Ending global plant tracking, Proba-V assigned new focus

Despite its small size, Proba-V maintains a continent-spanning perspective: its main Vegetation imager has a 2250-km wide swath. This enables it to cover nearly the entire vegetated surface of the globe every day. Allowing for cloud cover, the mission builds up a complete snapshot of global plant growth every 10 days. Overall, the mission has acquired more than a petabyte of environmental data during its time in orbit.

Proba-V's extremely wide view comes about because Vegetation is made up of three separate imaging telescopes, possessing 300 m spatial resolution, which rises to 100 m resolution in the central telescope – a marked improvement on the previous generation of Vegetation instruments.

“Proba-V began as a ‘gap-filler’ mission to ensure data coverage between the Vegetation instruments flown on the full-sized Spot-4 and -5 satellites and Copernicus Sentinel-3,” explains ESA Earth Observation operations manager Roberto Biasutti.

“It started with a two-year mission lifetime, which was repeatedly extended, and the satellite remains in excellent overall health. So even though its global mission is due to end this June, shortly after its seventh birthday, the plan is to let it go on working.”

Proba-V was launched into what is called a ‘Sun-synchronous’ orbit, where it keeps pace with the Sun as it circles Earth at 820 km altitude, allowing it the maximum possible observing daylight.

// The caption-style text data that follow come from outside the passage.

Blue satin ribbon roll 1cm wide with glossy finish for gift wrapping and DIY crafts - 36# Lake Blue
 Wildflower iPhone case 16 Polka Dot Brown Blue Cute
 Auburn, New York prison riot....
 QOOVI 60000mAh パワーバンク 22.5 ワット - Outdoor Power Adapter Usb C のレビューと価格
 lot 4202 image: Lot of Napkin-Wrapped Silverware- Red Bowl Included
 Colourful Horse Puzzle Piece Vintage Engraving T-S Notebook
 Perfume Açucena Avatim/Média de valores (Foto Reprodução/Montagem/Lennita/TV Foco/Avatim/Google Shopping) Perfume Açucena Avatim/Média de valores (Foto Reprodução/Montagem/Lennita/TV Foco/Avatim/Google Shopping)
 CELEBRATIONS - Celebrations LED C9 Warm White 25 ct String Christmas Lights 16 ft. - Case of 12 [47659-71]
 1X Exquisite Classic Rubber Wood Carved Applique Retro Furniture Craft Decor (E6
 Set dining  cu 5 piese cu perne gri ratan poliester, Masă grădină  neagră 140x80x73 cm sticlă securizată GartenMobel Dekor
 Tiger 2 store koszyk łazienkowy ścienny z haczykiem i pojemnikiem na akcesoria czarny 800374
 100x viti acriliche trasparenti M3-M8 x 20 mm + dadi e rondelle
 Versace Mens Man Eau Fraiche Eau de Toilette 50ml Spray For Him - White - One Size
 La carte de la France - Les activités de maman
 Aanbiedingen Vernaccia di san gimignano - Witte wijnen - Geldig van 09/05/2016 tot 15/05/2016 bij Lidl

This orbit is gradually decaying however, and the minisatellite lacks onboard thrusters to correct it. Tugged by the gravitational pull of Earth’s equatorial bulge, its observing time is gradually growing earlier in the local morning.

“Basically one of the cameras on Proba-V will soon be observing night-time rather than daylight, meaning it cannot go on delivering daily global coverage anymore to continue the 20 year plus Vegetation time series, so its operational global mission has to end,” comments Dennis Clarijs of VITO, the Belgian research and service centre processing and distributing Proba-V data to users.

“But this isn’t the end of the mission. Instead ESA will be applying its excellent geometric and radiometric performance to make test observations in Europe and Africa, particularly the African Sahel where its results help provide early drought warnings.

“This means the more than 1800 research teams making use of Proba-V data today still have more data to look forward to, albeit on an experimental rather than operational basis. This is good because its 100-m imagery fills a particular niche, as a midway step between Copernicus Sentinel-2 and -3, able to resolve individual field delineations in some cases. Proba-V’s 100-m imagery is also routinely used to cross-check other products, such as the Copernicus Global Land Service.”

Proba-V will also be increasing its observations of the Moon. It is not generally known, but many Earth observation satellites routinely observe our planet’s natural satellite along with Earth itself: the unchanging state of the lunar surface makes it an excellent calibration target.

In the past Proba-V made such lunar acquisitions on a monthly basis. Now the minisatellite will increase them, experimenting with changing frequencies and view angles for the benefit of future Earth-observing missions.

In addition, the plan is to launch in 2021 an additional tiny satellite carrying a single telescope version of the same Vegetation imager aboard Proba-V. This mission is being developed through ESA's General Support Technology Programme, backing advanced technologies for space testing, which also supported the development of Proba-V itself.

Roberto comments: “This companion mission is currently being developed by Belgian startup Aerospace Lab for launch next year. Based on a tiny 12-unit CubeSat  - built up from standardised 10 cm cubic units –  it will image  the same targets as Proba-V areas at the same time except from a different viewing angle, allowing the creation of combined ‘fusion’ image products.

“A major motive behind the original Proba-V mission was to see if an instrument previously hosted on a full-sized satellite could do good work from a smaller platform. With this companion satellite we will raise the bar, using an even smaller, cheaper platform.”

Another companion satellite is also being planned, to host either a thermal infrared imager or an hyperspectral instrument, both of which would offer valuable synergies with Vegetation observations, and test the feasibility of small satellite constellations entering operations in future.

Proba-V’s orbital decay will finally bring it into complete darkness in October 2021, when it will either be shut down, or placed in suspended animation, awaiting a time when its orbit brings it into daylight again.

“There is a precedent for such an arrangement,” adds Roberto, “with predecessor mission Proba-1, launched back in 2001, hosting a hyperspectral camera. Having passed through such a period of orbital darkness it is still observing to this day.”

The next in the series of Proba technology-testing missions will be Proba-3, a double satellite mission to demonstrate precision formation flying while studying the surrounding corona of the Sun, due to fly in 2022.